Ewa Matyjaszek: nie mieszajmy piłki nożnej z siatkówką
Drużyny z Piły i Białegostoku jako pierwsze rozpoczną walkę o ostatnie ligowe punkty w tym sezonie. Pilanki udział w fazie play off mają już zapewniony, lecz ich rywalki cały czas walczą o ligowy byt. Aktualnie zajmują dziewiątą pozycję, ale nadal mają szanse na wygrzebanie się i zajęcie nawet szóstej lokaty. Warunkiem koniecznym do osiągnięcia tego celu jest wygrana. Rozgrywająca zespołu PTPS-u Piła - Ewa Matyjaszek zapewnia, że jej drużyna nie zamierza ułatwiać zadania rywalkom.

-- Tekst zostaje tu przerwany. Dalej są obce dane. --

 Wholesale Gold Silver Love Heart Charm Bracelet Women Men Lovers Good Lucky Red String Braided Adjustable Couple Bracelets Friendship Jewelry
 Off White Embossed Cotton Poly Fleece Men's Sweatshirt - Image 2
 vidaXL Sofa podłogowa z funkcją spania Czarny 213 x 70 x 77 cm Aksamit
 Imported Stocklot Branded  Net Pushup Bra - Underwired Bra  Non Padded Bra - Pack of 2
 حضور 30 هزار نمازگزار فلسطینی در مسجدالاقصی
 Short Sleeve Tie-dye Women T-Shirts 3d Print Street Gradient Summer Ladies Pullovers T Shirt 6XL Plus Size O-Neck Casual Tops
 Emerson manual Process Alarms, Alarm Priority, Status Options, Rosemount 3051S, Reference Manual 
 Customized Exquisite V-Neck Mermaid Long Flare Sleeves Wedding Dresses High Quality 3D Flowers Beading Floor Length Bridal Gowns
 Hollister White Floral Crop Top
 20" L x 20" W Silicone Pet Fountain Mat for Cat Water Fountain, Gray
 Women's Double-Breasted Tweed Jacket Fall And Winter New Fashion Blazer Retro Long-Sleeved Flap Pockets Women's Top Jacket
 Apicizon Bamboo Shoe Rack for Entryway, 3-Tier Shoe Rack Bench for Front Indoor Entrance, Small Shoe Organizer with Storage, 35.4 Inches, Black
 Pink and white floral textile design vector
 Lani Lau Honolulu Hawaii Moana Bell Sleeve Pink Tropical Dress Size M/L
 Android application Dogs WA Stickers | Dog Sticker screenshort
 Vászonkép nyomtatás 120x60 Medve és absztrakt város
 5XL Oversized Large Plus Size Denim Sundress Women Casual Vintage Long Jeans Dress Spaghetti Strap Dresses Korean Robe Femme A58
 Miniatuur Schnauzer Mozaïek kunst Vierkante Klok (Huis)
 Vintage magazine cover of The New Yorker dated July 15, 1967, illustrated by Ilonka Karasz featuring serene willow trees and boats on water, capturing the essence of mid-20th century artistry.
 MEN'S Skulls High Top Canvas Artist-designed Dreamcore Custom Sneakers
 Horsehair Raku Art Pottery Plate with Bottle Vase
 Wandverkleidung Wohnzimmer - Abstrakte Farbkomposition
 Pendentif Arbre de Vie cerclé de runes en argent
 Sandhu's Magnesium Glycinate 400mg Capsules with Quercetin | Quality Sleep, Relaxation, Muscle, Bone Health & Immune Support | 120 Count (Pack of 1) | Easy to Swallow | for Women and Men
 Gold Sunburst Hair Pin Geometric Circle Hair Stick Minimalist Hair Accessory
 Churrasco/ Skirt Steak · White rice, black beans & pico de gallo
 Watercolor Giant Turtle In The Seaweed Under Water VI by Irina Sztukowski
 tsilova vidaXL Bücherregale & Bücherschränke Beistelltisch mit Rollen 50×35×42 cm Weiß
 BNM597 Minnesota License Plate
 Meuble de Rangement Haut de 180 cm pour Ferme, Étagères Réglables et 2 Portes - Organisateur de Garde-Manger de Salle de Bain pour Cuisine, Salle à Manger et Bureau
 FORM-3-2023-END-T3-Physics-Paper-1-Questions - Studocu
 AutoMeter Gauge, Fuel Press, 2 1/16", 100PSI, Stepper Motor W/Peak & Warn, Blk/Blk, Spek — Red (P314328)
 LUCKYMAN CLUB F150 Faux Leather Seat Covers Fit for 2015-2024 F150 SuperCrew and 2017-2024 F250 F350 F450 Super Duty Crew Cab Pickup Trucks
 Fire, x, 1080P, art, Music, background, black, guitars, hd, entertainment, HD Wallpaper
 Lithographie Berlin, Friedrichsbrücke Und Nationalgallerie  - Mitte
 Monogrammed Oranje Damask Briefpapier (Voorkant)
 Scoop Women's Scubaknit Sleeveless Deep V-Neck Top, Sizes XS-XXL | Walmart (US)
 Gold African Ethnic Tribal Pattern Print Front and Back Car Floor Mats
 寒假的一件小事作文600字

PlusLiga Kobiet: Ostatnie wasze występy wskazują, że jesteście na fali. Pewnie chcecie wykorzystać waszą wysoką formę i zrewanżować się drużynie z Białegostoku za porażkę z pierwszej rundy 1:3.
Ewa Matyjaszek: Chcemy ten mecz wygrać szczególnie, że nie wszystkie spotkania w tej ostatniej kolejce są rozgrywane w tym samym czasie i pojawiły się pewne protesty. Na pewno kilka zespołów będzie czekało na rezultat tego pojedynku. Zapewniam jednak, że my damy z siebie wszystko i postaramy się wygrać ten pojedynek, żeby później nie było żadnego gadania.
- Ewentualna wygrana lub przegrana nic nie zmieni w waszym przypadku. Czy nie obawiacie się, że może zabraknąć wam motywacji?
- Faktycznie dla nas już tak się tabela ułożyła, że ten mecz nam w niczym nie pomoże. Nie ma to jednak dla nas znaczenia, bo wyjdziemy na boisko i będziemy walczyły o każdy punkt, a później w konsekwencji o zwycięstwo w całym spotkaniu.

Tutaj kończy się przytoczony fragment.